Del and Dane Bryant offered insights into their lives as youngsters, teens, and, finally, young men who faced the decision of what to do with their own lives. Both at first worked in their parents publishing company, then tried their hand as songwriters and independent publishers before finally settling into their current occupations. Del is senior vice-president of performing rights, BMI. Dane works with the real estate firm of Lura Bainbridge & Associates in Nashville, with offices on Music Row.
Felice and Boudleaux moved to Nashville in 1950, when the two boys were just toddlers. They had attracted the attention of Fred Rose, of Acuff-Rose Publishing, with the help of MGM recording artist Rome Johnson. Rose had heard one of the Bryants compositions, “Country Boy,” and thought it just right for Little Jimmy Dickens. He was right; Dickens cut it in 1949 and soon it was in the top ten of Billboard’s charts.

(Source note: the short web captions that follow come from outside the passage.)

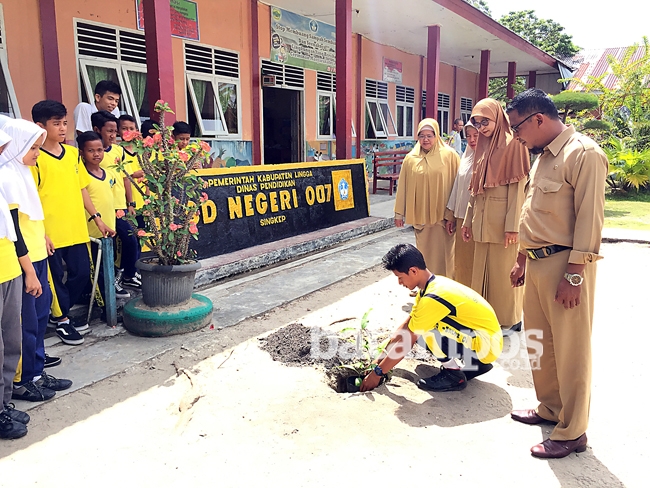 Ajarkan Pelajar Cinta Alam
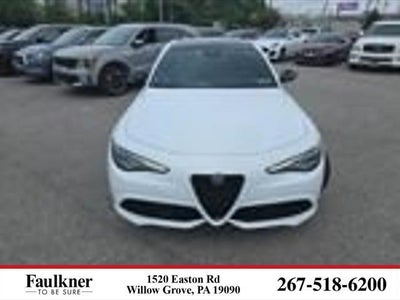 Photo of a 2023 Alfa Romeo Giulia AWD Veloce 4DR Sedan for sale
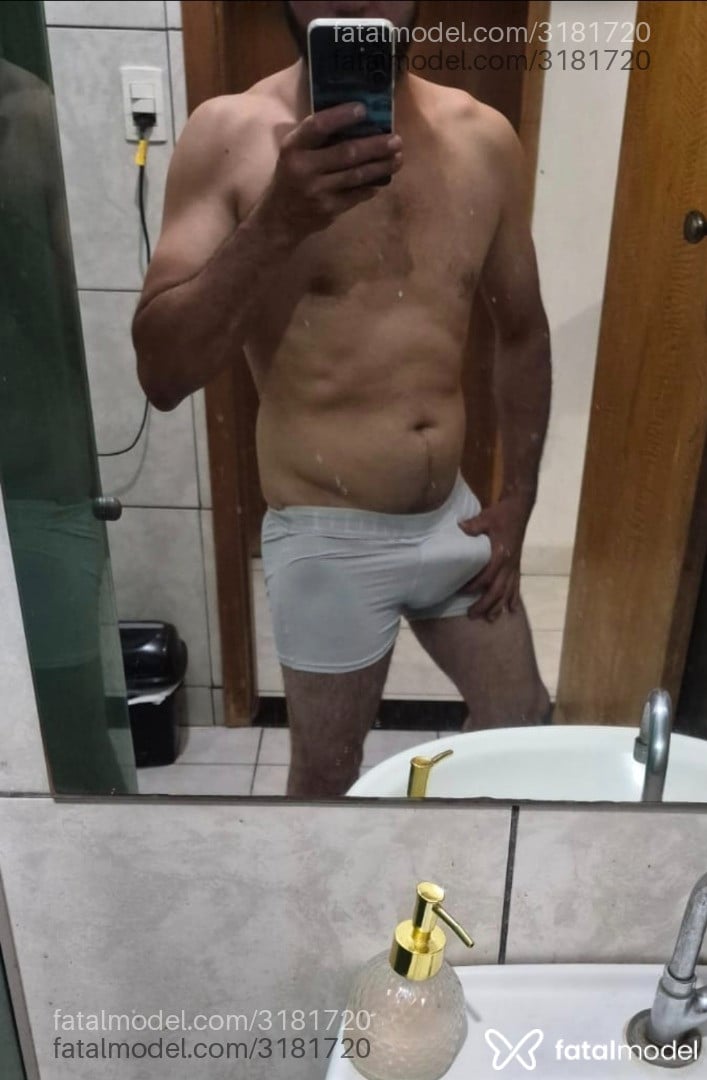 Acompanhante homem morena (o) de olhos castanhos em Ubiratã Acompanhante homem morena (o) de olhos castanhos em Ubiratã - Maicon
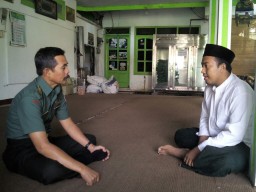 Babinsa 0816/06 Sambangi Kepala Ponpes Al Hidayah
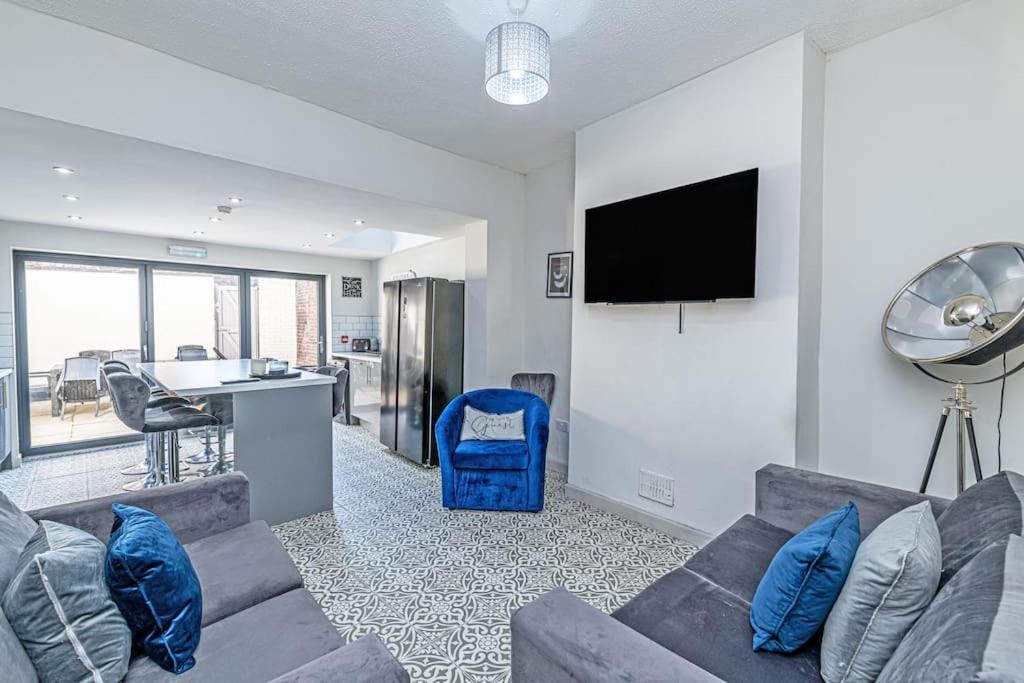 Holiday home Serviced 5 Bedroom Holiday House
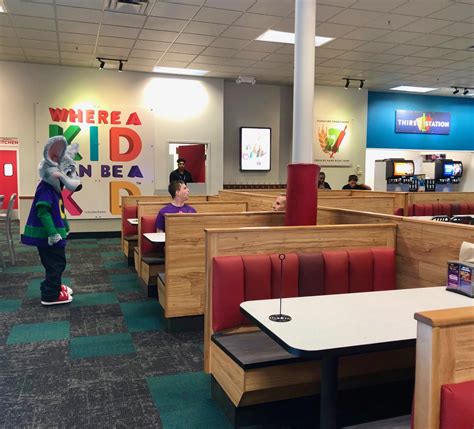 Remodeled Chuck E Cheese Has Something For Everyone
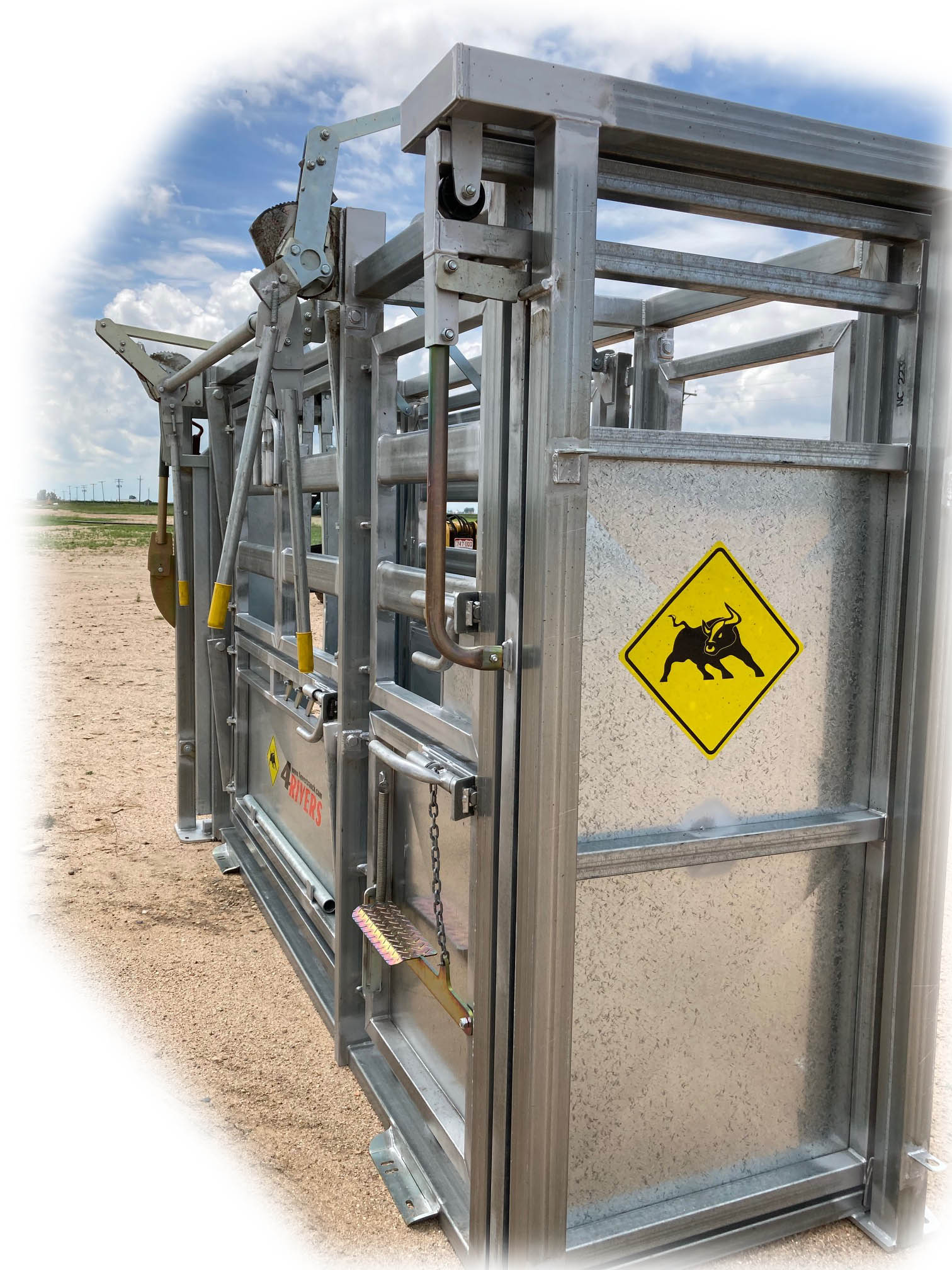 4 Rivers River King Squeeze Chute, Parallel Squeeze, Single Side Exit, Galvanized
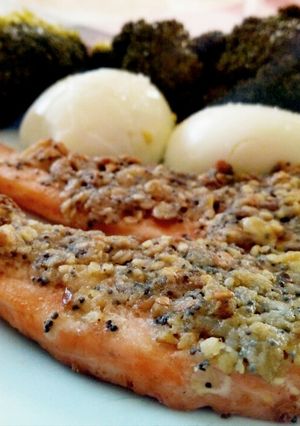 Foto principal de Salmón fresco con sésamo y semillas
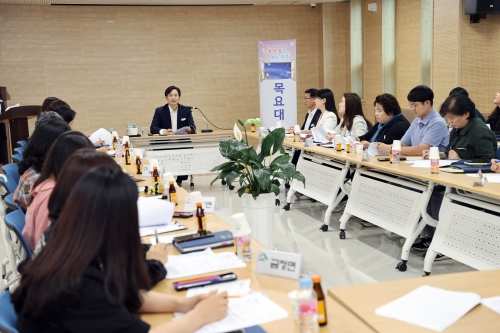 우승희 영암군수 목요대화 복지업무 담당자와 소통의장.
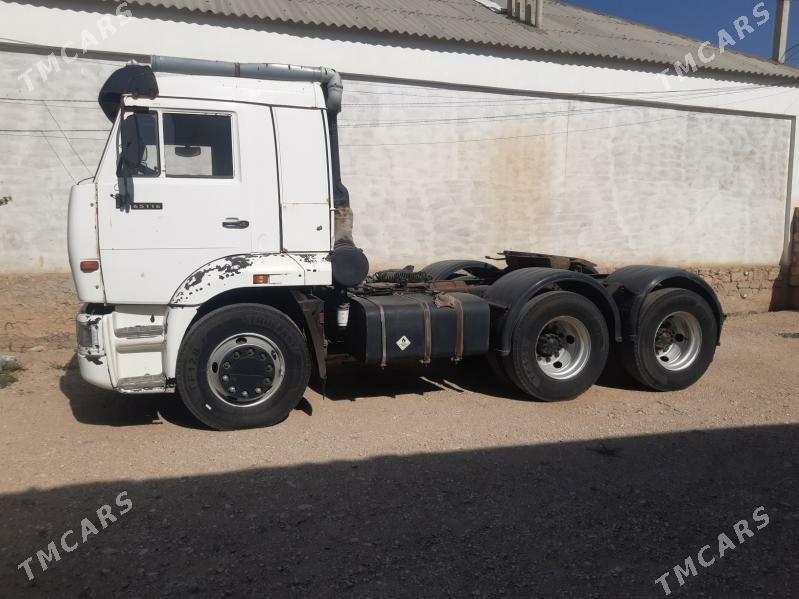 Kamaz 6520 2013 - 330 000 TMT - Balkanabat - img 5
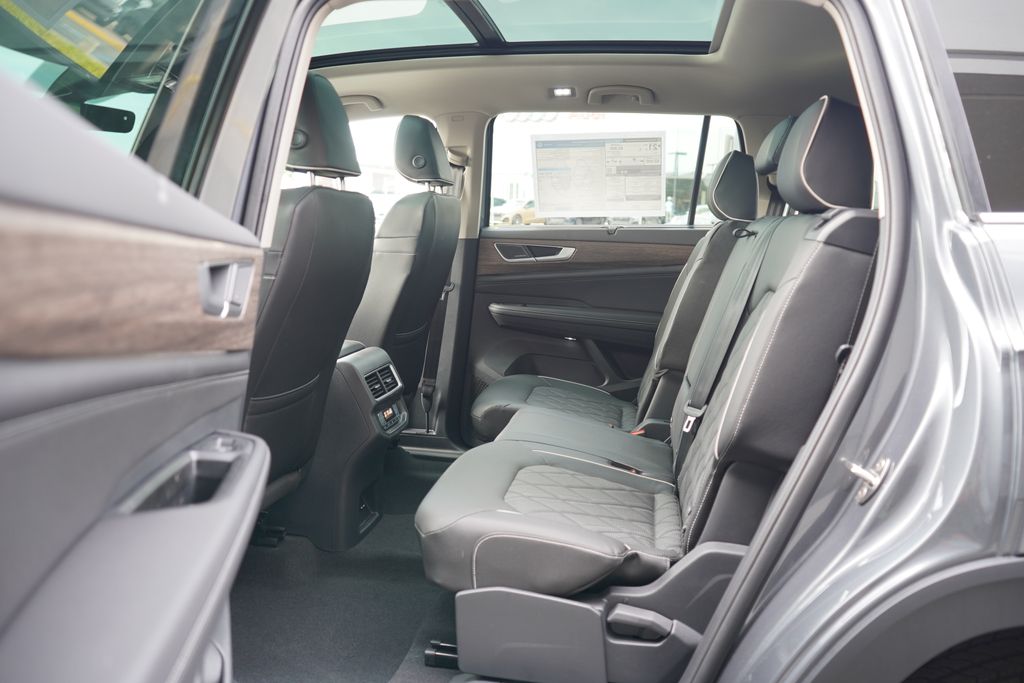 Thumbnail: 2025 Volkswagen Atlas - 10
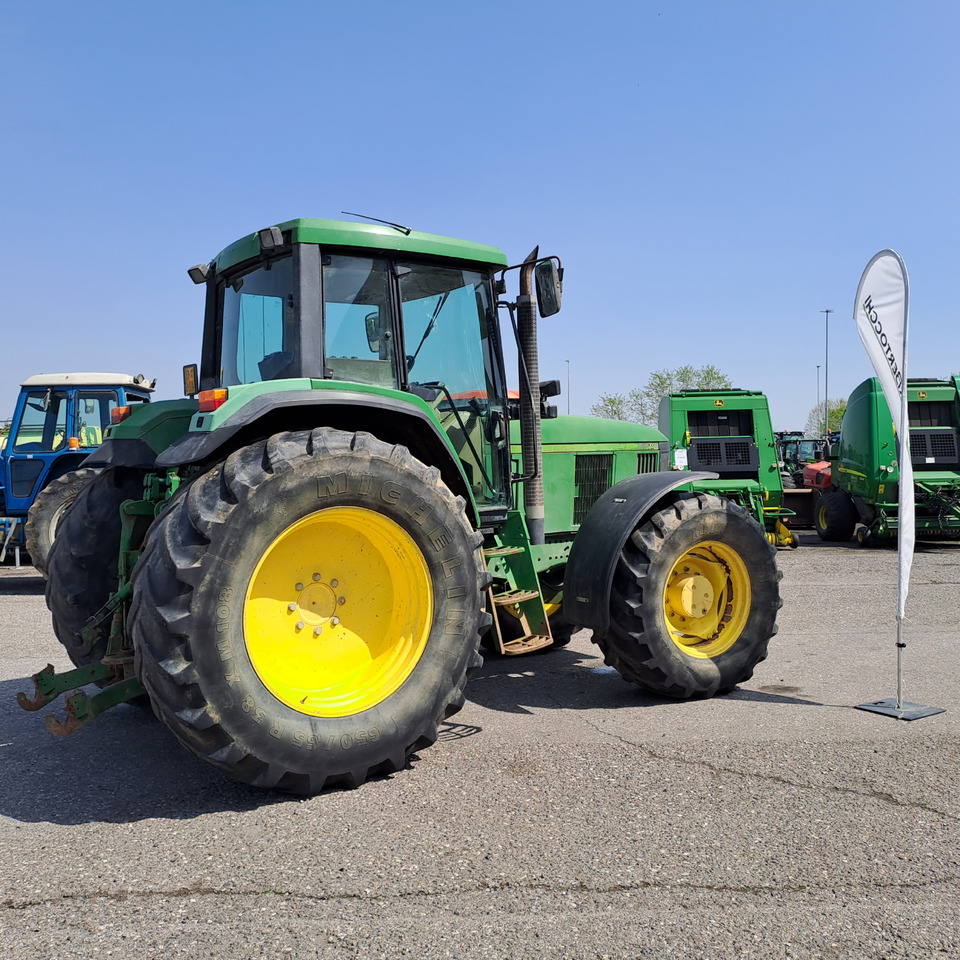JOHN DEERE 6910 - Traktor: bild 2 JOHN DEERE 6910 - Traktor: bild 2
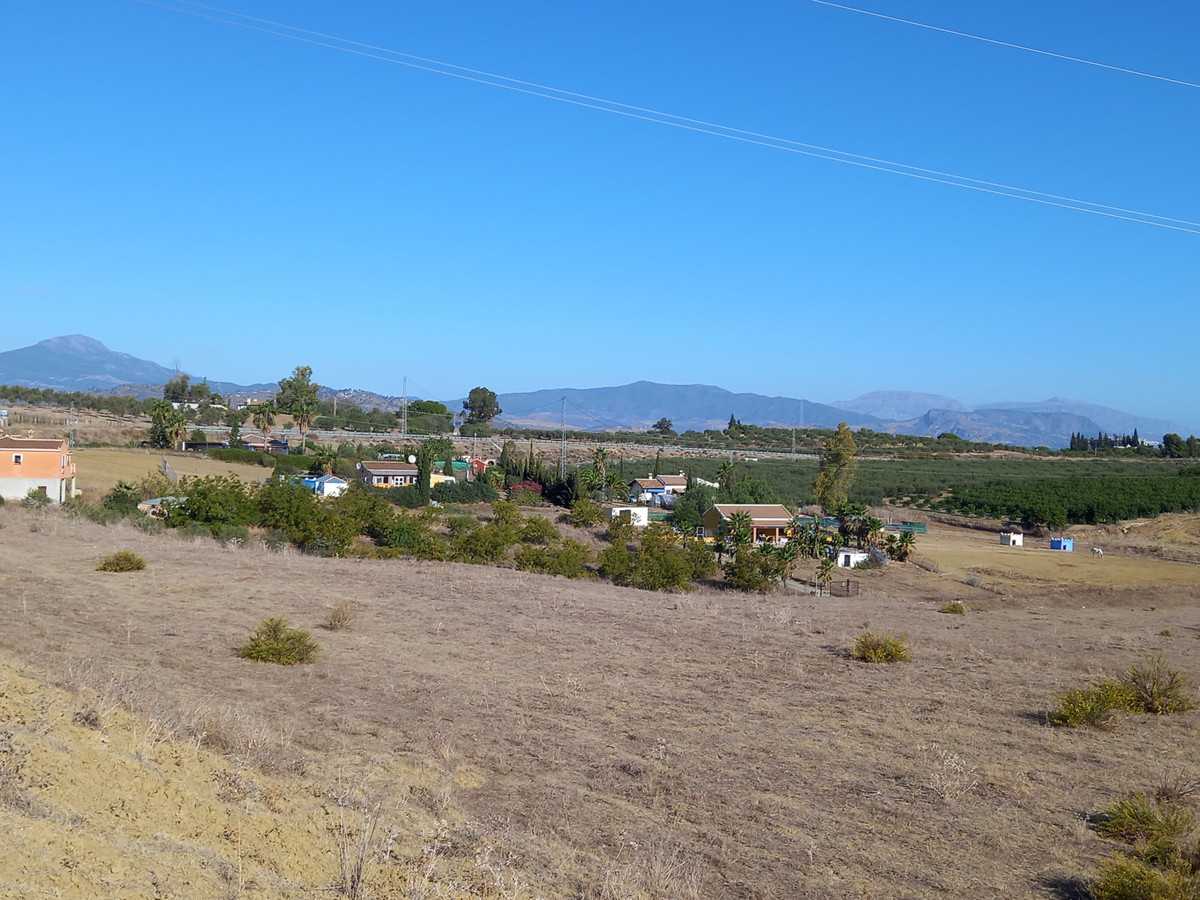 Land in Coín, Andalusia 11402394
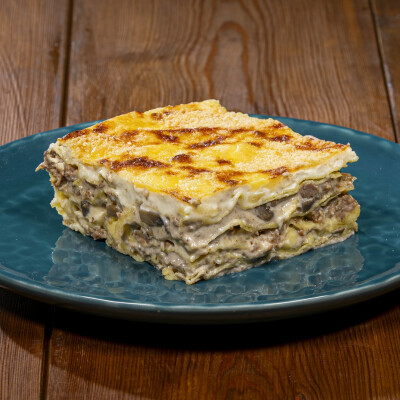 Lasagne funghi e salsiccia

Like today, a hit record didn’t mean a check in the mail tomorrow. So Boudleaux hit the road with a traveling ten show, which left him stranded in Green Bay, Wisconsin when it ran out of money. He and Felice started playing as a duo, and it wasn’t long before they were a popular act in the Green Bay area. The gigs helped them through the summer months, but they knew their trailer wouldn’t make it though the harsh northern winters, so they returned to Moultrie, Georgia, and the safety of family and friends, with whom Boudleaux could find work.
Rose didn’t forget about the Bryants, and before long he convinced them to make the move to Nashville. They weren’t sure it was the right move, but nevertheless they made it, setting up housekeeping in a trailer park off Dickerson Road. Even without them living in Nashville, their reputation as songwriters had been growing, since they had several other cuts since the Dickens record.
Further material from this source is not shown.